Z kolei dieta i ćwiczenia oraz jednoczesne zadręczanie siebie tym, że się przytyło, również Ci nie pomogą. Unieszczęśliwianie samej siebie nigdy nie jest pomocne. W takim razie co możesz zrobić, jeśli naprawdę siebie kochasz?
- Przede wszystkim zaakceptuj, że nie lubisz swojego ciała (lub że je lubisz). Masz wysokie BMI i chcesz zdobyć dobrą formę.
- Kiedy już to sobie uświadomisz, upewnij się, że wiesz, że Twoja obecna sytuacja nie określa tego, kim jesteś jako osoba. Znaczenie ma to, co robisz, aby zmienić swoją rzeczywistość.
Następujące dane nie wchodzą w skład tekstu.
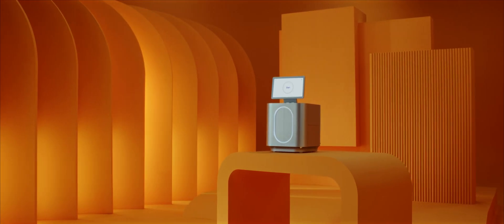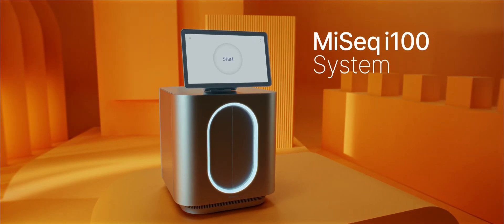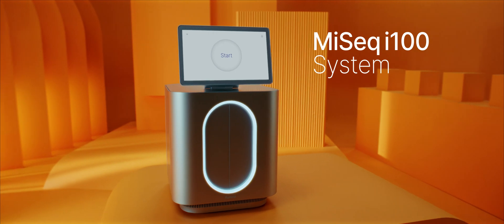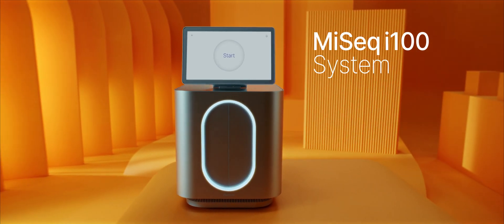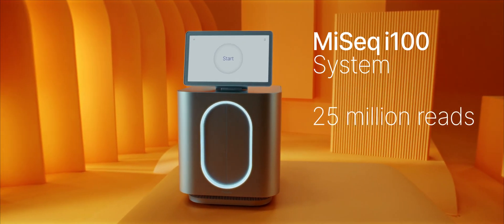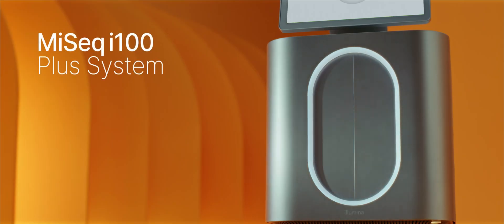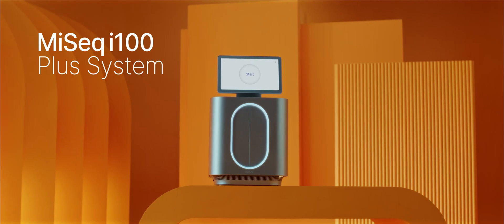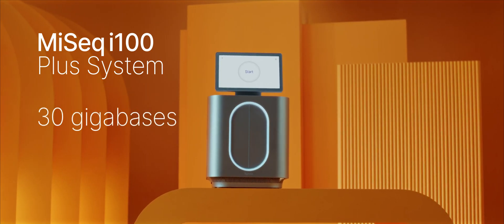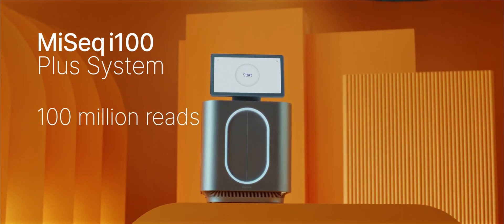The series offers two systems. The MySeq i100 system enables 15 gigabases of data output with 25 million reads, and the MySeq i100 plus system has an expanded output of 30 gigabases with 100 million reads.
- Następnie ustal sobie cel i zacznij pracować nad jego osiągnięciem. W tym przypadku możesz na przykład zmienić swoje nawyki żywieniowe i zacząć regularnie ćwiczyć. Polecamy, abyś poszukała kogoś, komu ufasz i kto może pomóc Ci w tej zmianie stylu życia.
- W trakcie całego procesu obserwuj z obiektywnego punktu widzenia co się u Ciebie sprawdza i zmieniaj to, co nie działa. Przypominaj sobie, że droga do dobrych rzeczy jest długa. Nic się nie stanie, jeśli od czasu do czasu będziesz czuła się pokonana, jeśli tylko się nie poddasz.
Wdrożenie tych czterech kroków pomoże Ci pokonać ciągłe niezadowolenie. Pamiętaj jedynie, że zaakceptowanie sytuacji, w której się znajdujesz i praca nad jej zmianą do dwa kroki prowadzące tą samą ścieżką. Trudno jest wymyślić inteligentny plan działania jeśli wcześniej nie przeanalizujesz i nie zaakceptujesz swojej obecnej sytuacji.